Il “tradimento” alla denominazione, arriva proprio dagli Stati Uniti, che è il primo mercato del Consorzio Vino Chianti, quello in cui le aziende consorziate maggiormente esportano le proprie produzioni. Oltretutto i frodatori sarebbero quelli più difficili da disinnescare. E le motivazioni le spiega il presidente del Consorzio Vino Chianti, Giovanni Busi.

Che ripercussioni avrà sulla denominazione l'aver stanato le contraffazioni?

"Sicuramente l'effetto sarà positivo: visto che il mercato richiede sempre più “Chianti docg”, per la nostra denominazione ci saranno aumenti nelle vendite da parte delle singole aziende".

Quali sono le tutele che il Consorzio mette in atto per garantire il prodotto al consumatore finale?

"Tutte le nostre bottiglie escono con una fascetta al di sopra della quale c'è scritto Chianti docg. E in questo modo il consumatore è certo del contenuto. Le contraffazioni che noi riscontriamo riguardano invece Chianti venduto in tetrapak, cosa che è assolutamente vietata dal disciplinare, e non esiste fascetta. Fortunatamente in Italia, come nel resto dell'Unione Europea, niente di questo può succedere perché i controlli sono molto severi e, cosa più importante, la contraffazione è considerata come reato di frode".
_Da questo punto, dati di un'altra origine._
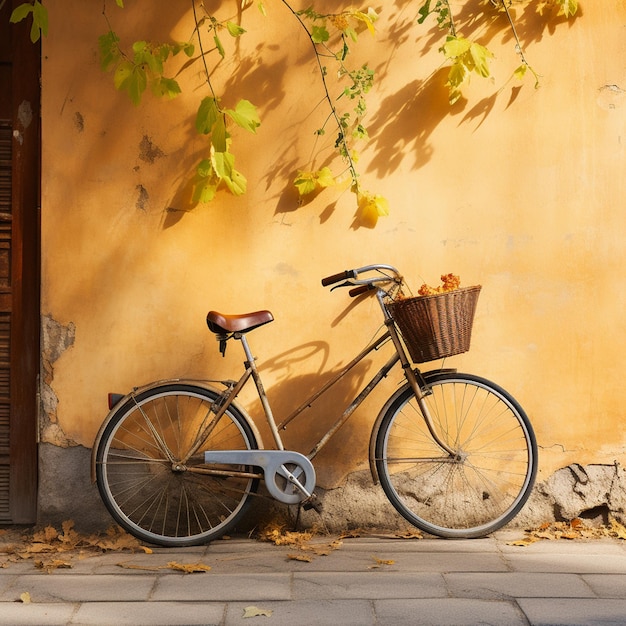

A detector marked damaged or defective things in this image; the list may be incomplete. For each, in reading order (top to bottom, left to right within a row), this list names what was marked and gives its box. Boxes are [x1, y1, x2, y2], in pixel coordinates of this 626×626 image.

peeling paint [40, 314, 77, 446]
Come mai negli Stati Uniti queste truffe sono più diffuse?

"Il problema maggiore è legato al riconoscimento del marchio 'Chianti'. Purtroppo, a suo tempo, in America la denominazione Chianti non è stata registrata come marchio. E, quando noi ci abbiamo provato in tempi più recenti, il marchio esisteva già. Pertanto, al momento, la denominazione Chianti viene considerata dagli statunitensi come “nome generico”.

Un bel problema. Quale potrebbe essere la soluzione?

"Da parte nostra stiamo tentando in tutti i modi di sollecitare attraverso l'Unione Europea, l'accordo bilaterale, di natura politica, con gli Stati Uniti, per far riconoscere le denominazioni italiane come emblema di un'area geografica ben precisa. Non scordiamoci che la contraffazione ruba mercato alle nostre aziende le quali, correttamente, seguono invece i diktat imposti dal disciplinare. Insomma, il presidente Trump pensa soltanto a sanzionare o ad applicare nuovi dazi quando in realtà, quello che serve, è un mercato libero e una protezione per le nostre denominazioni e per il lavoro delle nostre aziende".